* Your goal *
The reply should hold only the lines from the one with "Portrait of Michael Erard" to the one with "Kocioł warzelny 430L", both ends kept, exactly as they appear below, without any pictures.

* Excerpted records *
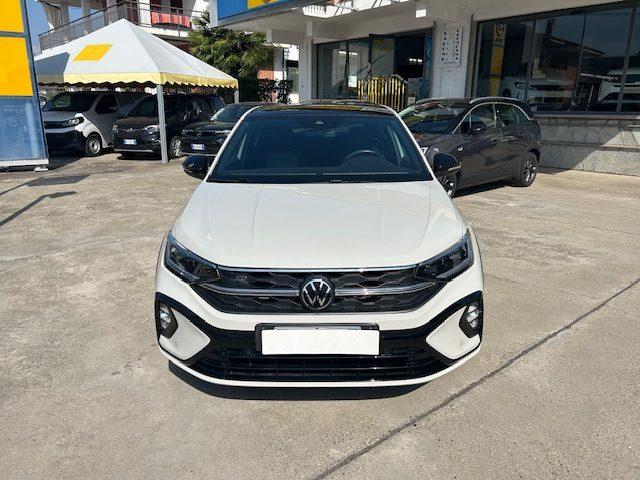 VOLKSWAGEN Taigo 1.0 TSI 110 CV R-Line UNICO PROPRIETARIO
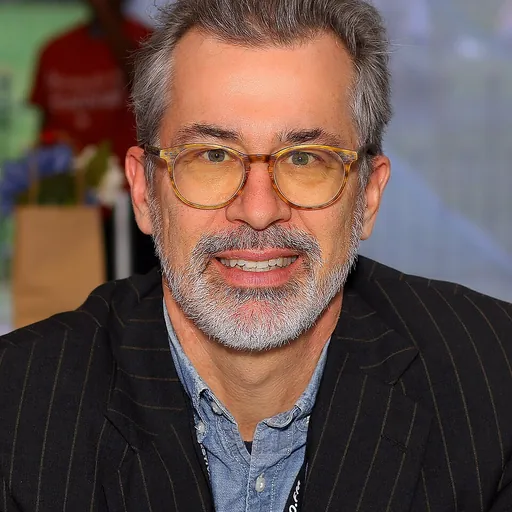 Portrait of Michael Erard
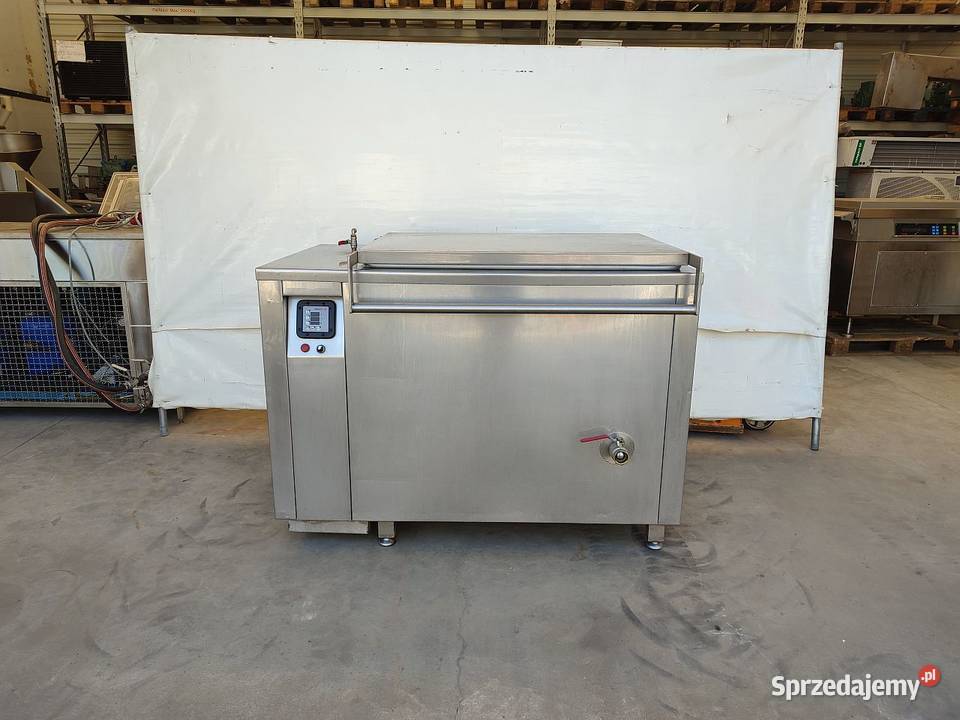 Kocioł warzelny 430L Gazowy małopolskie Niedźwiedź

---

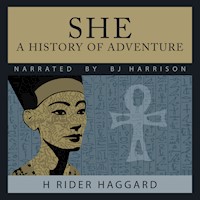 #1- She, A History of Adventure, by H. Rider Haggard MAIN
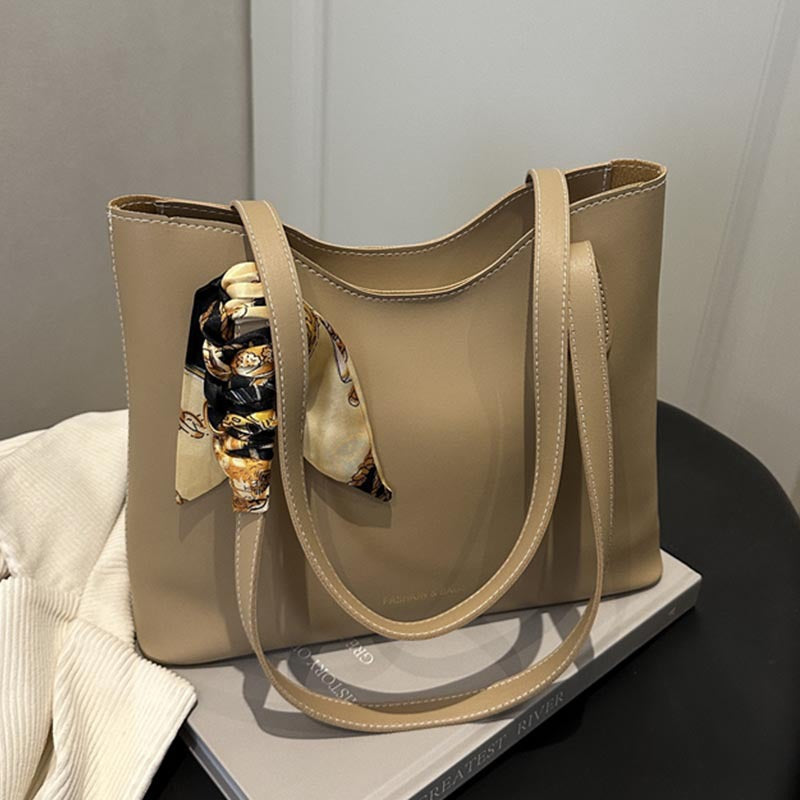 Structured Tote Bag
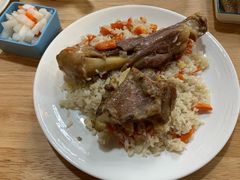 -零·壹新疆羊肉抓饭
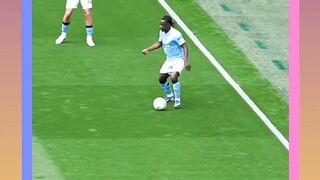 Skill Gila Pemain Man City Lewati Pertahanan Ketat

==

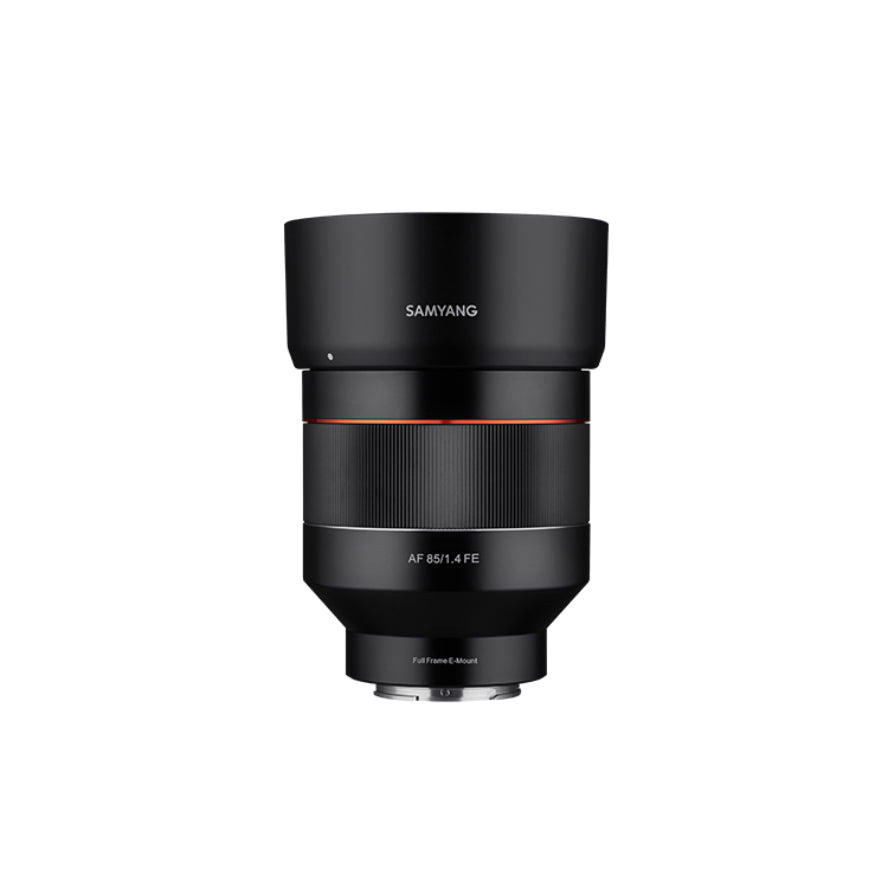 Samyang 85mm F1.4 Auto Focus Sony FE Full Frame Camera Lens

* Written answer *
 Portrait of Michael Erard
 Kocioł warzelny 430L Gazowy małopolskie Niedźwiedź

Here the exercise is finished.